--- Given data Enclosed Below ---

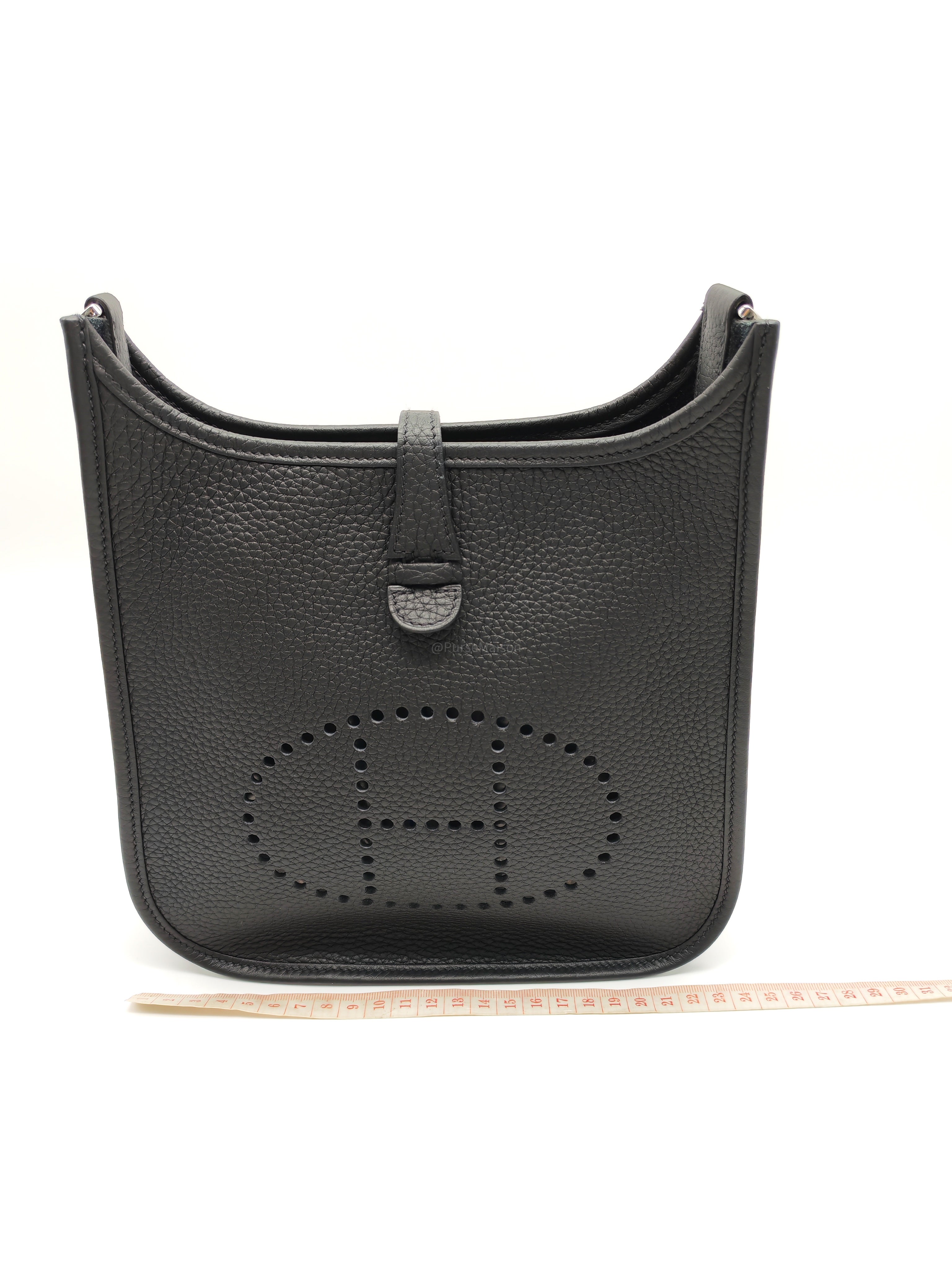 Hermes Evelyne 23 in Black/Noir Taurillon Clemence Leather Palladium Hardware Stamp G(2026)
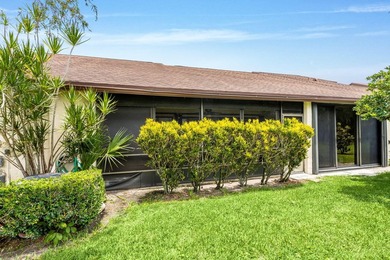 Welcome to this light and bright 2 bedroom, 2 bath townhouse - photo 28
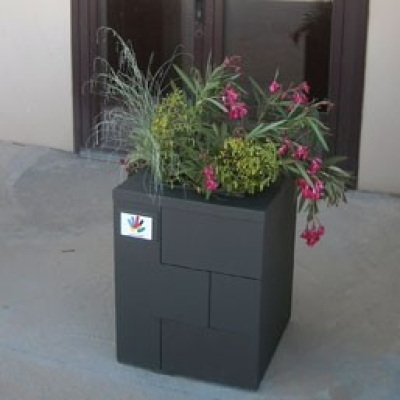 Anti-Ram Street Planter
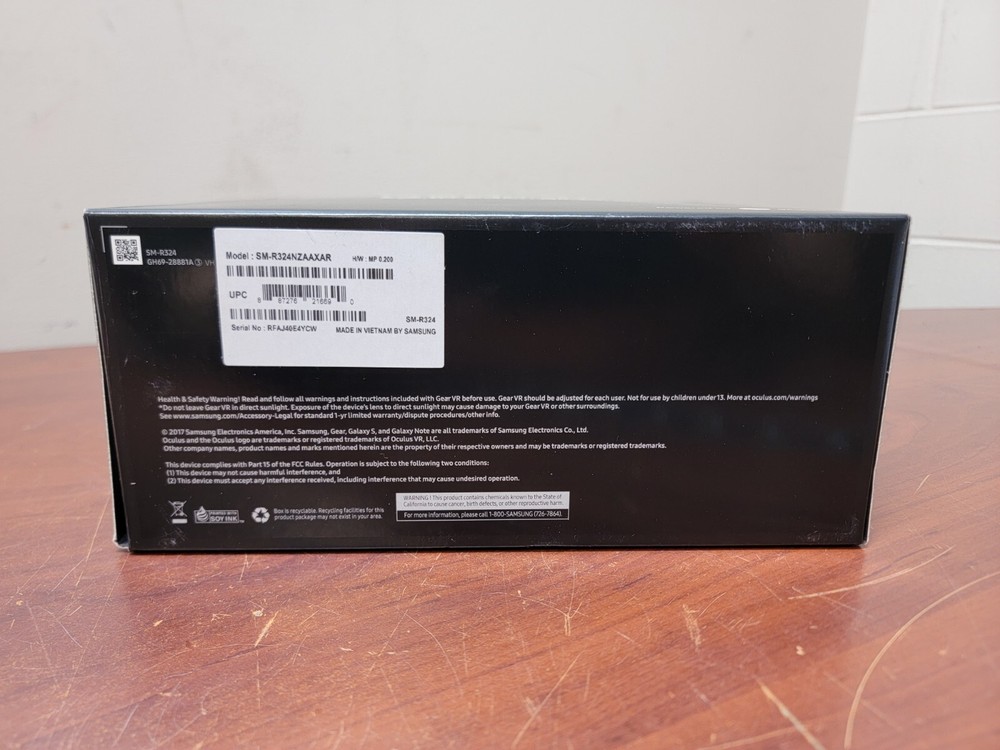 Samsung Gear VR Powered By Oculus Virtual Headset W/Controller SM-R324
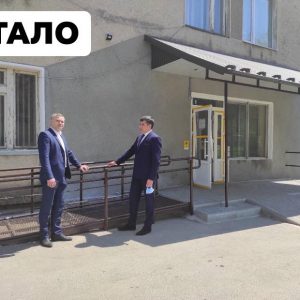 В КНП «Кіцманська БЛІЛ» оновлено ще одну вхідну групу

--- End of Enclosed Given data ---

### [Instructions to follow]
Give the data again word for word, without images.

### [Completed task]
 Hermes Evelyne 23 in Black/Noir Taurillon Clemence Leather Palladium Hardware Stamp G(2026)
 Welcome to this light and bright 2 bedroom, 2 bath townhouse - photo 28
 Anti-Ram Street Planter
 Samsung Gear VR Powered By Oculus Virtual Headset W/Controller SM-R324
 В КНП «Кіцманська БЛІЛ» оновлено ще одну вхідну групу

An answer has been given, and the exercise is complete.